NPR’s Margot Adler interviews Eric Van Lustbader at ThrillerFest.Click here.

Video Interview
Expanded Books interviews Eric Van Lustbader about his newest thriller The Testament. Click here.

Audio Interview
Eric Van Lustbader sits down with fellow thriller writer Steve Berry to discuss his newest blockbuster, The Testament (On-sale Sept 5, 2006). Lustbader and Berry talk about the history of secret societies, the hero as Outsider, the rise of extremist religious groups, and the future of thrillers. Click here to listen.

Your blockbuster bestsellers The Ninja (1980) and The Bourne Legacy (2005) have both revolved around secret organizations and the role of the outsider operating on the peripheries of society. In The Testament you focus on two feuding secret societies: the Order of Gnostic Observatines and the Knights of St. Clement. What do you find so intriguing about individuals and organizations that operate outside of the “normal” world? And why do you think your readers are so fascinated by these secret societies?
I grew up feeling that there was a secret history to the world, one we weren’t being taught in school. No doubt, this came from the fact that I began to write at the age of seven. A writer, by definition, is an outsider. He needs to have the ability to stand back from society – to detach himself from it – in order to see it for what it really is and to comment intelligently on it. Even though I write fiction, it’s been my goal from the beginning to introduce readers to different civilizations, different histories, especially the histories of secret societies. I’ve always wanted them to come away from my books learning or understanding something new – especially about themselves.

And, of course, there are the outsiders within the Voire Dei, as the main character, Bravo’s world is called.
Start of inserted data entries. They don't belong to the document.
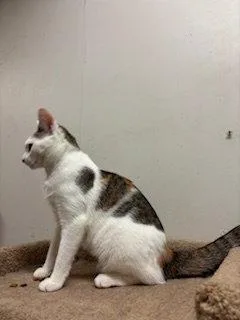 Peaches thumbnail 3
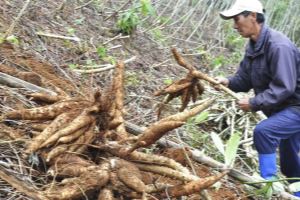 Cassava exports reach 443 million USD in four months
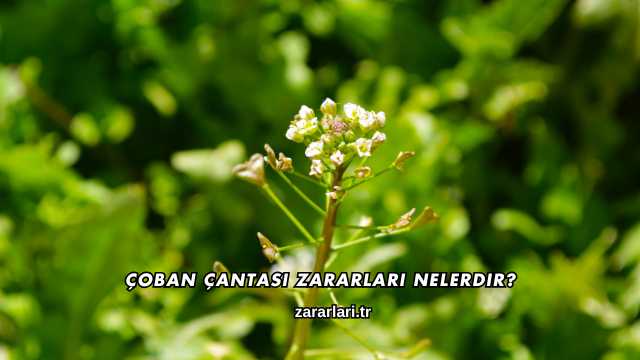 Çoban Çantası Zararları Nelerdir?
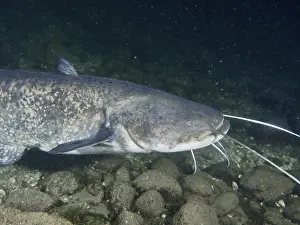 Drucke von Ein Wels (Silurus glanis), Waller, schwimmt nah über felsigen Grund in der Nacht Wels Welse Drucke: Ein Wels (Silurus glanis), Waller.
The women of Voire Dei are outsiders even from their fellow order members. The important question of women’s roles within the Voire Dei is one of my favorite aspects of the book. And then there’s Bravo. As The Testamentbegins, he’s something of an outsider to the “normal” world, because with his training his father has prepared him for the world of Voire Dei. In this sense, he’s very much like Nicholas Linnear, the protagonist of The Ninja, who is half-Caucasian, half-Asian.

By now, my readers understand that much of what is interesting occurs in secret societies because they operate outside the law. It’s the most natural thing in the world for most people to harbor a fantasy to be free of rules and regulations. They also have an increasing hunger to know all the things they’re not being told or think they’re not being told.

Both the Order of Gnostic Observatines and the Knights of St. Clement operate in a clandestine world called the Voire Dei, or the truth of God. The Voire Dei seems like the ultimate society of outsiders. Why do these groups occur again and again throughout history and what part does faith play in the formation of these groups?
Human nature being what it is, there are always individuals who choose or are forced to operate outside of society. These individuals can, of course, work alone. Some do. But others seek to form a new society – a secret one, hidden in the shadows. Some feel protected there, others see it as a base from which to accumulate and wield power, without the interference of society.

Faith, I think, plays an enormous part in secret societies, whether they be religious or secular. Faith is one of those wonderful elastic concepts that can be applied to many things: faith in God, faith in an ideal, in a goal, in loyalty, in being of like mind. These last two are by far the most important areas for me because they cover the entire spectrum from religious orders, to criminal families, to terrorist cadres.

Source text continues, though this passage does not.